- _Goal of the exercise_
From the data below, copy exactly the lines that lie between the one holding "صورة سعر الذهب اليوم الأربعاء 12مايو 2021" and the one holding "Guilin Jingyue Hotel Exterior foto", including both, and nothing more.

# # # # #

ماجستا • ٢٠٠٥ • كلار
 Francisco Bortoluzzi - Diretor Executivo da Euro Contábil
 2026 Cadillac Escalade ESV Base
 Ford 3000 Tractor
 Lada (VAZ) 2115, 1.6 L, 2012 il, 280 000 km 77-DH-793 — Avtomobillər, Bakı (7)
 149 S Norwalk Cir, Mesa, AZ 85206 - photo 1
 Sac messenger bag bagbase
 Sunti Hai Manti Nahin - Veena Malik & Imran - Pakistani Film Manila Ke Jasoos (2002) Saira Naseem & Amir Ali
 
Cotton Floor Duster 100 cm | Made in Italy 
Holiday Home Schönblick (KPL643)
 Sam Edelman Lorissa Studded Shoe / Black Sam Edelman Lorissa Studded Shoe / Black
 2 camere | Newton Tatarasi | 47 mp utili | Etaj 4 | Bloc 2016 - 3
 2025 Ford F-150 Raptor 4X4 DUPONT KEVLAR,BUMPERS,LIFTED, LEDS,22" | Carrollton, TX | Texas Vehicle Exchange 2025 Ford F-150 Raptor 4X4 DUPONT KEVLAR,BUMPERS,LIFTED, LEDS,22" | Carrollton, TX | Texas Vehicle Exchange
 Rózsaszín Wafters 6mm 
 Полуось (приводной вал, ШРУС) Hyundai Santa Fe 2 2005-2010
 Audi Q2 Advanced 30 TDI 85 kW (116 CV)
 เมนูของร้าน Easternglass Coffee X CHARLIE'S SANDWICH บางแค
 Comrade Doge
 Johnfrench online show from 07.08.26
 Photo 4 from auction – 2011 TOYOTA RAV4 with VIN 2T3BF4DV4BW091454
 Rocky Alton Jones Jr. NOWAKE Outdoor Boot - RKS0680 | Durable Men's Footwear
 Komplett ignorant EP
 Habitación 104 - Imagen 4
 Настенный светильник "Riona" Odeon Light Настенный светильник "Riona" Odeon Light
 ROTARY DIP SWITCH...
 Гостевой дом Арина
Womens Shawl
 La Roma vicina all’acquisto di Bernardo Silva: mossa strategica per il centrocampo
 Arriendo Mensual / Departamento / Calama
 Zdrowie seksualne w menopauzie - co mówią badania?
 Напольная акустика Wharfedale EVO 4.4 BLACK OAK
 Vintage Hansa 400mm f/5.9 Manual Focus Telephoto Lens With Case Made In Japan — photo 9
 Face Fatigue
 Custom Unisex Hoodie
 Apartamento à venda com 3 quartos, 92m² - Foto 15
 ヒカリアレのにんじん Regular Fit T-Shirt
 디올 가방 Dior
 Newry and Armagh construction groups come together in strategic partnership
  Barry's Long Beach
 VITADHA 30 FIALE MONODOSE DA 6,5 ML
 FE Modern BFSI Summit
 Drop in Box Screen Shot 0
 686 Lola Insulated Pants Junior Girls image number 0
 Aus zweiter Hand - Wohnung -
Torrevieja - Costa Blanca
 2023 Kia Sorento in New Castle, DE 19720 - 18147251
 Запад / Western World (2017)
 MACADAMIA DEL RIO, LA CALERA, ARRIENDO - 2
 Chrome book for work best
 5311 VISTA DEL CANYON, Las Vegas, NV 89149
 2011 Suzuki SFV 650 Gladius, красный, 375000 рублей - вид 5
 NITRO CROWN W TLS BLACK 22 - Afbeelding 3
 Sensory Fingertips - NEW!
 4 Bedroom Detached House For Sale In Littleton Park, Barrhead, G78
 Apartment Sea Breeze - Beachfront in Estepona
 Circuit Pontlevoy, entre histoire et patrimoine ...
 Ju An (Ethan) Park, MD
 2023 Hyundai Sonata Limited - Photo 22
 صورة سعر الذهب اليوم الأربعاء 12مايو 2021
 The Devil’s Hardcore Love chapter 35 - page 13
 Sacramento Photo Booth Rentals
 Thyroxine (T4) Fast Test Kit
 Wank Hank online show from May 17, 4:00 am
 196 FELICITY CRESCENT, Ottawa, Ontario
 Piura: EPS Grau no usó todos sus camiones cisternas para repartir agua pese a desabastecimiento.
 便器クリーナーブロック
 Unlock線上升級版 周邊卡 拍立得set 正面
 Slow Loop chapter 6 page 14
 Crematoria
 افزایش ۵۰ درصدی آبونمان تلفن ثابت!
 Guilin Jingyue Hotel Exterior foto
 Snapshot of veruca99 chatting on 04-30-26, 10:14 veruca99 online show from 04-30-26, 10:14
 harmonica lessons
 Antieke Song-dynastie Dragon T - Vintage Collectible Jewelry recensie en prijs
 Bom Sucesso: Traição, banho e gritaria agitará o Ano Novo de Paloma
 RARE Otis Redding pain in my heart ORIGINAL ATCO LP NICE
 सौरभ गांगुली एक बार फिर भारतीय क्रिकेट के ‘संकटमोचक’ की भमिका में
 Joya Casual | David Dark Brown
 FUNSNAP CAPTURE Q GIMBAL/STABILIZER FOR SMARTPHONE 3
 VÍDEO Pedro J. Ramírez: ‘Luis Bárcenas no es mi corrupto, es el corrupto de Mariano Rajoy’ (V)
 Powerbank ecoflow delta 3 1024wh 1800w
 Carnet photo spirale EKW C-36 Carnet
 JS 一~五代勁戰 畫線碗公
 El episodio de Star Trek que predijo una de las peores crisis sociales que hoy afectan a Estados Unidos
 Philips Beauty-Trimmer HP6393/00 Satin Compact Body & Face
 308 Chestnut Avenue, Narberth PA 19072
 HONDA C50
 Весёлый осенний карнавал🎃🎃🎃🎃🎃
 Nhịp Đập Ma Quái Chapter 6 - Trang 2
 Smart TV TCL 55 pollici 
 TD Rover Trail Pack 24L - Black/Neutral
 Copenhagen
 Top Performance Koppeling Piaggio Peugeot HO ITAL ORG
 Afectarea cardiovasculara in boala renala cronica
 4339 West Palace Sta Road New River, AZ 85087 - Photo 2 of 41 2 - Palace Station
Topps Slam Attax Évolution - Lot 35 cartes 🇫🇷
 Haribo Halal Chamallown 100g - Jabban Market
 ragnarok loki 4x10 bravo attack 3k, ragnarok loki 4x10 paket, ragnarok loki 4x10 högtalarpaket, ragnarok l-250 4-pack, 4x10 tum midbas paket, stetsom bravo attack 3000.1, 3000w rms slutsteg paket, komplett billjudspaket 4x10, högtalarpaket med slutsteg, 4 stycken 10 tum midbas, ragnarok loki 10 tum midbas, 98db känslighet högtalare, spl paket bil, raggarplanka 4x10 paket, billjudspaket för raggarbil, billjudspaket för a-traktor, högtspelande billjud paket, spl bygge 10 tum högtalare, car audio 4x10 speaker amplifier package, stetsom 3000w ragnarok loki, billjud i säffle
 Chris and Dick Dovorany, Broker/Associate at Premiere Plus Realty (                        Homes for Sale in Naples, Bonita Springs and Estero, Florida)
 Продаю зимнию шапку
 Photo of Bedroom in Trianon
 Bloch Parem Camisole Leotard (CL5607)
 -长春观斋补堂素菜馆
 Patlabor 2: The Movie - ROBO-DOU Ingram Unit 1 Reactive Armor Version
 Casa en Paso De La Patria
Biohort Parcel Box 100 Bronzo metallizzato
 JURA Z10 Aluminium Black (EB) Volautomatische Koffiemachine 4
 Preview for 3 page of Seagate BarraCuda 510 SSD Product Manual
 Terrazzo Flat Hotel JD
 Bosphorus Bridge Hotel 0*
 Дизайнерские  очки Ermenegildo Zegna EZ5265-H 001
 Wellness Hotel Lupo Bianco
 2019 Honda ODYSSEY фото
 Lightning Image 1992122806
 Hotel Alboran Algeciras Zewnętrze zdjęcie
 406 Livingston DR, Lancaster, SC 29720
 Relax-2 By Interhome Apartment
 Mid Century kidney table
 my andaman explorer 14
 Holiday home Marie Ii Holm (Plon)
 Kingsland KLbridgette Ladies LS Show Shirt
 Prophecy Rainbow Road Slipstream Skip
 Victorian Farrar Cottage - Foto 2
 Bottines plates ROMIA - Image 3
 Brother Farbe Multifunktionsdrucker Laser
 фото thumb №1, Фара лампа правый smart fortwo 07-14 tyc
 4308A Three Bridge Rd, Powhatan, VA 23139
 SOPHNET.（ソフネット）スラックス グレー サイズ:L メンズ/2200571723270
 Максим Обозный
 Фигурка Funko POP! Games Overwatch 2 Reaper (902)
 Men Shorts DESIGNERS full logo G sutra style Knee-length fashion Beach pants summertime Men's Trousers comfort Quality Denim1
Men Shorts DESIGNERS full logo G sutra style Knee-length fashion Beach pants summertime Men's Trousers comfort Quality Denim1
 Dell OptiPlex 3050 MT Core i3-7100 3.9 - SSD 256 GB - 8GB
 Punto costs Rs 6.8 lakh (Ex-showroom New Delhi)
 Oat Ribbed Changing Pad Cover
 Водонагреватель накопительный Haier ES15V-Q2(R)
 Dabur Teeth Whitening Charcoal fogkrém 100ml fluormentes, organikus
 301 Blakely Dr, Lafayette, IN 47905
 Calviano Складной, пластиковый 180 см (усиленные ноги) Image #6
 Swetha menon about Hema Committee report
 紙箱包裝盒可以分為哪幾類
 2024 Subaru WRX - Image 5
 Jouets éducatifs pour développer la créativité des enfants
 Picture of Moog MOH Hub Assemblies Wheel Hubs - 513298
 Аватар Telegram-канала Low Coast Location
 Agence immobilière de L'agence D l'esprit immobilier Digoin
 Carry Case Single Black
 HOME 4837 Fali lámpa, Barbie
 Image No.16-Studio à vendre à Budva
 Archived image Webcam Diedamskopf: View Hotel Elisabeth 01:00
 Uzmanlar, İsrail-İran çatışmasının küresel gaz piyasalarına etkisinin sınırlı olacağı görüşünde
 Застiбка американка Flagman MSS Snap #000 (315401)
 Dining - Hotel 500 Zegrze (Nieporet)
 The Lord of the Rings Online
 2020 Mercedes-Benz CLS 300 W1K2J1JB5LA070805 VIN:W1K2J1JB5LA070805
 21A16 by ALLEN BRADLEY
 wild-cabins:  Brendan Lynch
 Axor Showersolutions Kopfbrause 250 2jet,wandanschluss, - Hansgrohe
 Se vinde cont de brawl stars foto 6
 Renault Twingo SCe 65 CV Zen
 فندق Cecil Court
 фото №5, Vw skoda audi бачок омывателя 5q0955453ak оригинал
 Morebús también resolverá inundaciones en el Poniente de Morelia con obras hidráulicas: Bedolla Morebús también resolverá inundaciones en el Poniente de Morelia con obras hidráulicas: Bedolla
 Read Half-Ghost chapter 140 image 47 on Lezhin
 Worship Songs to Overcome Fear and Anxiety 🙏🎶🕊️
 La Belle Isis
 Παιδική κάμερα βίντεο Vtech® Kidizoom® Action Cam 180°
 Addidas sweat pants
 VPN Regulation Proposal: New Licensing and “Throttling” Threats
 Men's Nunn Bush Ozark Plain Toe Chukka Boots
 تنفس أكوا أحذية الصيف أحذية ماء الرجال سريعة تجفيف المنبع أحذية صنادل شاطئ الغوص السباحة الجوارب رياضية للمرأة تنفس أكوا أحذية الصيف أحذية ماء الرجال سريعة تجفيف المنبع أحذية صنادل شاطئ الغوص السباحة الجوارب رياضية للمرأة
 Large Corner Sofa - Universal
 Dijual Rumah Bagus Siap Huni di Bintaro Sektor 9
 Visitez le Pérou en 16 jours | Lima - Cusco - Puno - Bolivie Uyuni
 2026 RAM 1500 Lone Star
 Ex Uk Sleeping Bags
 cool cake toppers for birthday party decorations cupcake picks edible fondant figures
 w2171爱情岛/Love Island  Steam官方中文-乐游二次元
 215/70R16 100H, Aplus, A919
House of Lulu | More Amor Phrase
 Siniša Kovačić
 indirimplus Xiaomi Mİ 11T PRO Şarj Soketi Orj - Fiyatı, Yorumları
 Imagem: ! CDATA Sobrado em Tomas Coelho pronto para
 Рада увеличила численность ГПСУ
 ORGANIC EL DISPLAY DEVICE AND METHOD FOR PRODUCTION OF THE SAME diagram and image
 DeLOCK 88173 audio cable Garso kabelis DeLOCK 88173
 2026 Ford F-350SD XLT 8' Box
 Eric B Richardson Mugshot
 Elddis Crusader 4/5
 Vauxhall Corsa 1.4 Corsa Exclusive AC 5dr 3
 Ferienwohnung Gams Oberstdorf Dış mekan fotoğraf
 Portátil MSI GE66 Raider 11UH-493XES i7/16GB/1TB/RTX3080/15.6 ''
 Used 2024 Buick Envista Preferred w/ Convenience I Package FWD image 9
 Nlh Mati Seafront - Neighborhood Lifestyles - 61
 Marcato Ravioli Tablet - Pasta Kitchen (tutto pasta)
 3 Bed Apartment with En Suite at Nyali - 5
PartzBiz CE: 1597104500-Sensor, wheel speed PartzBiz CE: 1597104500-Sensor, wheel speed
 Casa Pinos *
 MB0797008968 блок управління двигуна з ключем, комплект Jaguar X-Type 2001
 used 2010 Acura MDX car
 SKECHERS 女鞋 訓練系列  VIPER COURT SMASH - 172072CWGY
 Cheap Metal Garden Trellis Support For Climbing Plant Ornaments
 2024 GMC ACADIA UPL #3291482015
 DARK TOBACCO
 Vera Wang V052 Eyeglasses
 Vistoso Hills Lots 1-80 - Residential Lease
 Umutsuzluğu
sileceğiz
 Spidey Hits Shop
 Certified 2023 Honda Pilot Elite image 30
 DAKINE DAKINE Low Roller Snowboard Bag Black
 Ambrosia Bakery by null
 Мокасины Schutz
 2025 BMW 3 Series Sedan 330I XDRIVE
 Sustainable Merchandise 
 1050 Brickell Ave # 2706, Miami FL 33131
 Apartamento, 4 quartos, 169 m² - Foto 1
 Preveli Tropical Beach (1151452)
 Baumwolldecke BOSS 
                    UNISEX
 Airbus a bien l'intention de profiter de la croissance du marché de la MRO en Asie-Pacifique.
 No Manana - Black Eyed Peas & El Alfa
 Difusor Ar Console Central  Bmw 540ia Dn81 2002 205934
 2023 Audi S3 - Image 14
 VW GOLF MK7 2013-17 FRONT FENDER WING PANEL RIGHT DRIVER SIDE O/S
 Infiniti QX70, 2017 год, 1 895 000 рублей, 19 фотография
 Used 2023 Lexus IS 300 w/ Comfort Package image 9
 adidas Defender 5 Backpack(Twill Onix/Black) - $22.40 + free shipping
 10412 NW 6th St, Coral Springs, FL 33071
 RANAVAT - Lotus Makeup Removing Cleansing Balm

# # # # #

- _Written reply_
 صورة سعر الذهب اليوم الأربعاء 12مايو 2021
 The Devil’s Hardcore Love chapter 35 - page 13
 Sacramento Photo Booth Rentals
 Thyroxine (T4) Fast Test Kit
 Wank Hank online show from May 17, 4:00 am
 196 FELICITY CRESCENT, Ottawa, Ontario
 Piura: EPS Grau no usó todos sus camiones cisternas para repartir agua pese a desabastecimiento.
 便器クリーナーブロック
 Unlock線上升級版 周邊卡 拍立得set 正面
 Slow Loop chapter 6 page 14
 Crematoria
 افزایش ۵۰ درصدی آبونمان تلفن ثابت!
 Guilin Jingyue Hotel Exterior foto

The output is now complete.